Booming Industry with Little Regulation
The cannabis industry is booming. Whether you realize it or not, the industry is maturing at a breakneck speed and governing bodies like the FDA have had a hell of a time trying to keep up. A few short years ago the idea of consuming any part of the plant was still considered highly taboo in our country, not to mention the majority of the world. Attitudes on the plant have been evolving so quickly and so many claims are being made about what CBD is (or is not) that it has come to a tipping point. The industry is currently worth about 700 million and projected to skyrocket to 22 Billion by 2022 so you can imagine the pressure the FDA is under to give some guidance on regulation. On May 31st of this year, the FDA held its first hearing on CBD or cannabidiol — a non-intoxicating cannabinoid.
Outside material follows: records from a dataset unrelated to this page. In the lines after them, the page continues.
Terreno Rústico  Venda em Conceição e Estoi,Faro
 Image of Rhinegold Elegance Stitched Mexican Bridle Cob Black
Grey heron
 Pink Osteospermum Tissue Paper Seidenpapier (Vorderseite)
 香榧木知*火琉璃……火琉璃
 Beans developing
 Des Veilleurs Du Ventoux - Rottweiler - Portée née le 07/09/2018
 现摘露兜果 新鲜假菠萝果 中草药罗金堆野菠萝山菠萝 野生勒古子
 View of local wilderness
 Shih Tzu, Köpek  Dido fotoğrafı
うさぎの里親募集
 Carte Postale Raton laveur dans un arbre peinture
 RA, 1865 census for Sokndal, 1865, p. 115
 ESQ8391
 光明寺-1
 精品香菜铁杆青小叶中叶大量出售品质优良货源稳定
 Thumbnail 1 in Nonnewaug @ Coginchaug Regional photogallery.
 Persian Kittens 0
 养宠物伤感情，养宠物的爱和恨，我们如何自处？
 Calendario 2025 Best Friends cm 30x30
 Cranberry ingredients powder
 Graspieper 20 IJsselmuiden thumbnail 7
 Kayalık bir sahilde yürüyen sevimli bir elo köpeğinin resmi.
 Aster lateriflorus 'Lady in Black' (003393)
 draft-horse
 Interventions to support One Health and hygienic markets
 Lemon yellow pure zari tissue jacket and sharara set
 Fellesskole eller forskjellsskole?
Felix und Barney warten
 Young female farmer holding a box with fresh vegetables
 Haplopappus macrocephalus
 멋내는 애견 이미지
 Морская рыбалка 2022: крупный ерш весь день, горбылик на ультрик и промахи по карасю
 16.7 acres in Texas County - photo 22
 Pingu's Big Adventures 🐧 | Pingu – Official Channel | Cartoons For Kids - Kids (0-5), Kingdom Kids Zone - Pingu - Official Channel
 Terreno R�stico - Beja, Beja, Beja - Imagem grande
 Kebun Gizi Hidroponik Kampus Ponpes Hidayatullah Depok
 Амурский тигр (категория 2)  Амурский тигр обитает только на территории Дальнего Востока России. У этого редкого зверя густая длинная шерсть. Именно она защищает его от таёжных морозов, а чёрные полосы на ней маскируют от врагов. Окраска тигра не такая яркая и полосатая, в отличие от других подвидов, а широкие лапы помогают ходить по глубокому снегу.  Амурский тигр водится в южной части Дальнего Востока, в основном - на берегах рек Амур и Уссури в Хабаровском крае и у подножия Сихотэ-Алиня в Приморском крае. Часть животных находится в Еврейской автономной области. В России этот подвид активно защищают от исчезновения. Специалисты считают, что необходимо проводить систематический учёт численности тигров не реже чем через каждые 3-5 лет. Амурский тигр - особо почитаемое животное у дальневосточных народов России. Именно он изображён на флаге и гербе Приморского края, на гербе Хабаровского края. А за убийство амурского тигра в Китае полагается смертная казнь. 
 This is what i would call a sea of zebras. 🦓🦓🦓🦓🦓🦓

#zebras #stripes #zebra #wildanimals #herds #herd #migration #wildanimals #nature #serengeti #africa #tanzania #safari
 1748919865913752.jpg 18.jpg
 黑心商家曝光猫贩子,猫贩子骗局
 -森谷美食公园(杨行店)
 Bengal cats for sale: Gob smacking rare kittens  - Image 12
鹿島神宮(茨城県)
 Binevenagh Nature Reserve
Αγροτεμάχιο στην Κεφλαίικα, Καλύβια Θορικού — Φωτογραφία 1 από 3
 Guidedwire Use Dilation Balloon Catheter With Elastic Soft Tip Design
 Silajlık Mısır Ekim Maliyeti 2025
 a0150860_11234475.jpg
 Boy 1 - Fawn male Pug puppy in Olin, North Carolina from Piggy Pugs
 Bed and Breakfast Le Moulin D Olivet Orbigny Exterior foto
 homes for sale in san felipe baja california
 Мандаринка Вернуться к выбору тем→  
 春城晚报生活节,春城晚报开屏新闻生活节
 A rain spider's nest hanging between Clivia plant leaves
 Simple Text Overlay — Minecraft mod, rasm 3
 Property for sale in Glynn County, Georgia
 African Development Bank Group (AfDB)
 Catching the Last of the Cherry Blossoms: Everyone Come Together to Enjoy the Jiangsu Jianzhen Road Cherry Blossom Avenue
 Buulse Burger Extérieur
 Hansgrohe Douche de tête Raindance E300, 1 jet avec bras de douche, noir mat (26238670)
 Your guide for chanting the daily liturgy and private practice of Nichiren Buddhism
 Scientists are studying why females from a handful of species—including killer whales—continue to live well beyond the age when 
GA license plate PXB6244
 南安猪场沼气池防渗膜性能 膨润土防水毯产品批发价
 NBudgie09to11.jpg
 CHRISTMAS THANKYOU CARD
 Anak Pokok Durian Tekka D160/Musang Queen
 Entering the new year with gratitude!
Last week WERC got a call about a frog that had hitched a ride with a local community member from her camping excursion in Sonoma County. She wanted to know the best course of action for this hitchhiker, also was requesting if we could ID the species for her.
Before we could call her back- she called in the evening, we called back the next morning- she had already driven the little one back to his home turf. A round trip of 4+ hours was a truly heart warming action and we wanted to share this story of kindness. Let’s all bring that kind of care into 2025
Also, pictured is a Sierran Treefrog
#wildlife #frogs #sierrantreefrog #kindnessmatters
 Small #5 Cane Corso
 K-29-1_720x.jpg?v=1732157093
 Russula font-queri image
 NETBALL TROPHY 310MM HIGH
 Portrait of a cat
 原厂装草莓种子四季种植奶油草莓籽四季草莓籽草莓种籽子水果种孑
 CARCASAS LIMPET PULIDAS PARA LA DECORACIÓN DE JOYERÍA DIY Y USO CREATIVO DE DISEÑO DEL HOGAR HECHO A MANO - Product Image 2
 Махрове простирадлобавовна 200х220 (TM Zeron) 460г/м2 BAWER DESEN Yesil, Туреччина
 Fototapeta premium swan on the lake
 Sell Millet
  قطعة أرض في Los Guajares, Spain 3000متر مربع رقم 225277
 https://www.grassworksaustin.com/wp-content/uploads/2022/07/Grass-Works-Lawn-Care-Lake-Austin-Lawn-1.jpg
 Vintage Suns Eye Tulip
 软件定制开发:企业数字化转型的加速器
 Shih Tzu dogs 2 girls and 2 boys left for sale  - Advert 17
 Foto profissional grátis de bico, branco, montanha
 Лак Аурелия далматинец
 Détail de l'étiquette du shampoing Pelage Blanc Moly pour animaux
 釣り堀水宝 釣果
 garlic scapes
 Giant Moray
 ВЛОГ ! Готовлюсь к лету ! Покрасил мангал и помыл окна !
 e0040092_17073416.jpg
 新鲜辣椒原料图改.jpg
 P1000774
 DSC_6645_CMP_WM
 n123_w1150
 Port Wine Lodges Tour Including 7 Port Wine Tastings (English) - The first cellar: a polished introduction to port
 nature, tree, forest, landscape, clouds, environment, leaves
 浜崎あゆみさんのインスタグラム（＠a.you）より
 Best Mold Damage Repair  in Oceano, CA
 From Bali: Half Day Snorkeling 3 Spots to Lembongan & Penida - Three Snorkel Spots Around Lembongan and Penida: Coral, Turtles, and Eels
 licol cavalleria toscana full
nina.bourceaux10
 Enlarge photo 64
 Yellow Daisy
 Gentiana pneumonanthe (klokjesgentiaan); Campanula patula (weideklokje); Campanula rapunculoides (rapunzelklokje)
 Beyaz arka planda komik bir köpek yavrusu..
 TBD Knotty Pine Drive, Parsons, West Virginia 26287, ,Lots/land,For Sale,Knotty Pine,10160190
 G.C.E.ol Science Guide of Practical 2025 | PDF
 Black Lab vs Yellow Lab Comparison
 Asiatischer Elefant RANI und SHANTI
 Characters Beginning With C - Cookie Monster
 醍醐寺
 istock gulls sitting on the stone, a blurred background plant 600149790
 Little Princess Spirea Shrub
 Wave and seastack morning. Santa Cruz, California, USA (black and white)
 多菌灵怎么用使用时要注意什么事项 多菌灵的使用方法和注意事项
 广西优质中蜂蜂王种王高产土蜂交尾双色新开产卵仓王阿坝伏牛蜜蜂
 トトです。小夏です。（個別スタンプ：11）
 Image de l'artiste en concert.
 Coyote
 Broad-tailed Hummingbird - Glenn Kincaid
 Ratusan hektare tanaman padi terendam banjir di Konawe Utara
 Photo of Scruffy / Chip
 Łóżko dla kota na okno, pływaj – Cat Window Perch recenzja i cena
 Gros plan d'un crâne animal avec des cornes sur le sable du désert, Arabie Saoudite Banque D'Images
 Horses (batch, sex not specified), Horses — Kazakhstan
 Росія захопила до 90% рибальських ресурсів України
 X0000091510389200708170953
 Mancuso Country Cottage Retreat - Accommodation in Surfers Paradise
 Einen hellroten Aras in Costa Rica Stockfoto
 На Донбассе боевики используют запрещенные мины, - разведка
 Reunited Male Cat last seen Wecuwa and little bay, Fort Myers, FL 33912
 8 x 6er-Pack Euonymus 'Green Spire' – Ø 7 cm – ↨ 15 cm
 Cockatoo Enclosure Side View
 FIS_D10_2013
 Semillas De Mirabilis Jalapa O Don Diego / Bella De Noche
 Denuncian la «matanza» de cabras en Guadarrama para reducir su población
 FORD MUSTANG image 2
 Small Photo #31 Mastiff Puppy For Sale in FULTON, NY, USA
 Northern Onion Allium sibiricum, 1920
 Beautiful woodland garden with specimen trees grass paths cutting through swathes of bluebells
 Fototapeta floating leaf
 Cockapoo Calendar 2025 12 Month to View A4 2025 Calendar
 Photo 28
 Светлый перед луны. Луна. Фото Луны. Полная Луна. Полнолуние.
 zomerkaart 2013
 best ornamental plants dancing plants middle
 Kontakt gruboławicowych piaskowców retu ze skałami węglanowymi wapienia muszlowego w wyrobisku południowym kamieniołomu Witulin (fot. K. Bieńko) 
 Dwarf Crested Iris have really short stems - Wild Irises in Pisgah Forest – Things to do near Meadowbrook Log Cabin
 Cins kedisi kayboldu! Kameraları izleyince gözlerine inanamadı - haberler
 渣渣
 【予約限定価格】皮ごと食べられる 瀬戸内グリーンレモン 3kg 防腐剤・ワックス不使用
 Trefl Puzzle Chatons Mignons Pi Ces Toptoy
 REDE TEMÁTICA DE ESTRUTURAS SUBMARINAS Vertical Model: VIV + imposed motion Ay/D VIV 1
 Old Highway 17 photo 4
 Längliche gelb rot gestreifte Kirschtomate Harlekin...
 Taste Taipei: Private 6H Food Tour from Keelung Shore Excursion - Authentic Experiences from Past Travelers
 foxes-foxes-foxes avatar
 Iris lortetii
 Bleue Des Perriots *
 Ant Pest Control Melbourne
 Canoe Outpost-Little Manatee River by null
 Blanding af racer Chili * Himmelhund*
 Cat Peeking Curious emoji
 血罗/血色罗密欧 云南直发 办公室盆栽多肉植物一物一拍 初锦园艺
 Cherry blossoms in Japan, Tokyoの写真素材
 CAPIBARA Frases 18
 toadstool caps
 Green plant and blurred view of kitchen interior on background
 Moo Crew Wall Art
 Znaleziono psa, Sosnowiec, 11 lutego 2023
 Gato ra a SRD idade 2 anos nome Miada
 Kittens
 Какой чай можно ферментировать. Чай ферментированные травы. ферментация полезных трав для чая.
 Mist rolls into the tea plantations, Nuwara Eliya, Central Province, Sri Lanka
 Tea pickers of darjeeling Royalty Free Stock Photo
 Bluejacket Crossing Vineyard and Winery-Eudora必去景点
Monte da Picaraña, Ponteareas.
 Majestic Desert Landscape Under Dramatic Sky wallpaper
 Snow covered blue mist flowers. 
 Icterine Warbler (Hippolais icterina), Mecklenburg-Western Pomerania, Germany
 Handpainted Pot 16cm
The FDA Steps In, But Just To Hear Everyone Out
The cannabis community has been anticipating this hearing for some time. It included 100 speakers from the industry; researchers, scientists, health professionals, as well as advocates of CBD. At the heart of this hearing is what to do with CBD now that the 2018 Farm Bill had passed (A bill that made the farming of hemp legal in all states). The FDA is expected to take comments through July.
Currently, the FDA only recognizes CBD for treating two ailments: Lennox-Gastaut syndrome and Dravet syndrome. In 2018 the first cannabis-based pharmaceutical, Epidiolex, was approved by the FDA as a treatment for both of these childhood-onset forms of epilepsy. Past this treatment, they don’t officially recognize marijuana or hemp as a treatment for anything, despite the Department of Health and Human Services being granted Patent 6630507 in 2003 regarding medical uses for CBD. They have reservations for any claim made by cannabis users and producers that are not backed by peer-reviewed scientific research and studies. Without additional clinical studies, which are very costly and time-consuming, it could be difficult to sway the FDA on any decision regarding cannabis use as a therapy. A primary driver for this hearing is the FDA recognizes the importance of giving guidance on CBD as its popularity soars in the U.S. One more thing to note is the World Health Organization (WHO) recognizes CBD as safe and non-addictive. This could also account for the FDA waiting so long to weigh in.
After 10 hours of testimony from industry experts, researchers, producers, and stakeholders its abundantly clear that the industry as a whole is deep in “wild west” territory. The market is flooded with junk products making newcomers and seasoned consumers question the source. Stakeholders produced lab data showing products only offering a fraction of the CBD potency that was claimed on the bottle. This is a known problem in the industry so we at CBD TakeOut carefully curate the products we provide to ensure that independent, 3rd party laboratory testing verifies the potency of every product we carry.
We are all in favor of regulation, but not too much that would stifle innovation and competition. Regulation will dramatically weed out bogus CBD manufacturers and those that cut corners to increase their bottom line. It will increase safety nets into production and hopefully jump start much-needed research into new applications of cannabis. We want producers of CBD to invest in top-shelf extraction labs and establish good manufacturing practices. It also fosters trust in an industry that is fighting its way out of the shadows and into mainstream culture.
One last thing was pretty clear. People still don’t really know what CBD or cannabidiol is. There were multiple times when someone spent their precious time in front of the panel rallying against the evils of marijuana. This comes out of a place of ignorance. That is why sites like CBD TakeOut are so important to stand against any flow of misinformation that is spread to potential consumers and people that could truly benefit from CBD. We will continue to post updates as the FDA sorts through research and testimony.